The empire of Benin was among Africa’s most important, with roots going back to the eleventh century, and it lasted until its conquest by Britain in 1897. Benin, one among many large empires of the Guinea Belt (the forest region of the southern half of west Africa), was located in the south-central part of what is now Nigeria (and not be confused with the modern nation of Benin).
Oral tradition reveals that the people of Benin (who now refer to themselves as “Edo”) migrated from the east. They likely settled first at Ile-Ife before founding Benin City around 1000 CE. Little is known of Benin’s earliest history. Oral tradition records thirty-one kings from the Ogiso dynasty, of whom Owodo was the last. Owodo was so cruel and inept that he was banished. The chiefs of Benin then ruled as a council with one of their own elected as ruler.
This oligarchic (relating to government by the few) experiment collapsed when the head of the chiefs attempted to make his position hereditary. Unable to resolve the crisis the people of Benin requested that a son from the royal house of Oduduwa, the mythical ruler of Ile-Ife, rule them. Oduduwa sent his son Oranmiyan. Historians debate whether the story of Oranmiyan represents dominance or conquest by the Yoruba people. Oranmiyan eventually left the city in frustration, and the next oba (the title by which the king of Benin was henceforth known) was his son, Eweka I. The obas of Benin claimed divine descent from Oranmiyan, and this pedigree was central to royal authority.
Political History and Transformation
Tension between the oba and the chiefs remained a central part of Benin’s politics. Ewuare (reigned 1440–1473) was likely Benin’s most famous king and is credited with turning the kingdom into an empire. He came to power after a violent succession dispute and introduced a new level of militarism. Benin conquered many of its neighbors, including the western Igbo, some Yoruba kingdoms, and various riverine peoples of the Niger River delta. The empire was indirectly ruled; indigenous leaders were left in power so long as they paid tribute.

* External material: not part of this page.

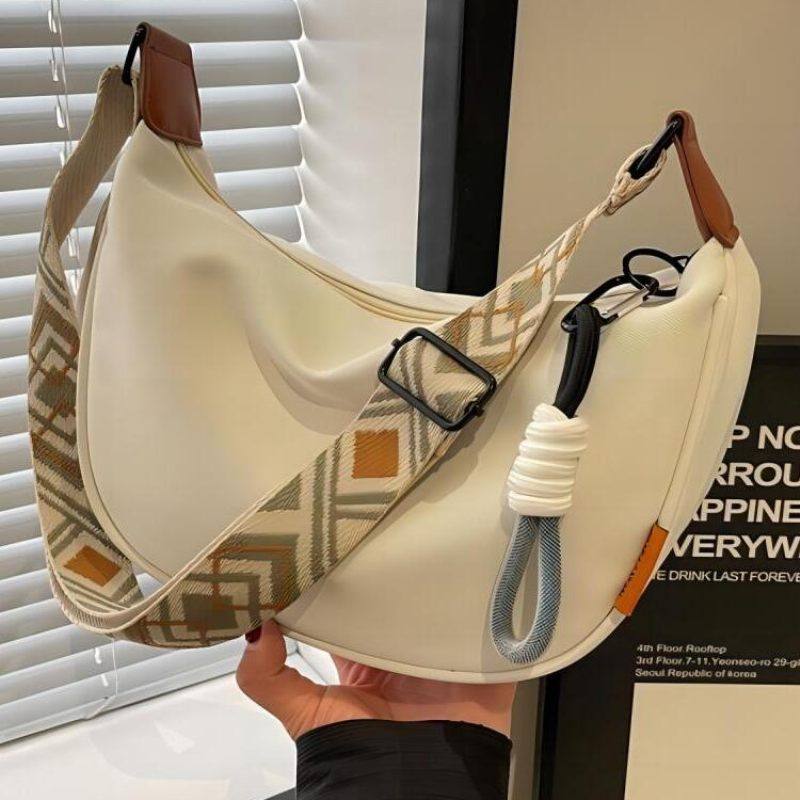 帆布包包女2025新款冬季时尚百搭饺子包休闲运动宽带单肩斜挎背包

Ewuare redesigned the capital by separating the palace (ogbe) from the town (ore) by a broad avenue. The densely populated city of intersecting streets featured craftspeople, artisans, merchants, blacksmiths, and priests organized by guilds and age grades. Ewuare created two important associations: Eghaevbo n’Ogbe (Palace Chiefs) and Eghaevbo n’Ore (Town Chiefs), who were his highest advisers, although none of the offices was hereditary. In time the Town Chiefs became a permanent source of opposition to the palace, particularly its head, the Iyase, who was commander of the army. Ewuare created an elaborate annual cycle of royal ceremonies and introduced coral beads as a symbol of royal power. A century of expansion continued after Ewuare under Ozolua, Esigie, and Orhoghua.
Royal power was supplemented by religious power from the head priests, the Osa and Osuan. The Emeru (Seven Caretakers of Sacred Brass Vessels) and Ooton (Seven Caretakers of Royal Ancestors) also lent their supernatural power to the oba. Like many peoples of the Guinea Belt, the people of Benin engaged in human sacrifice. Written accounts indicate that human sacrifice was restricted to royal rituals and involved a limited number of victims.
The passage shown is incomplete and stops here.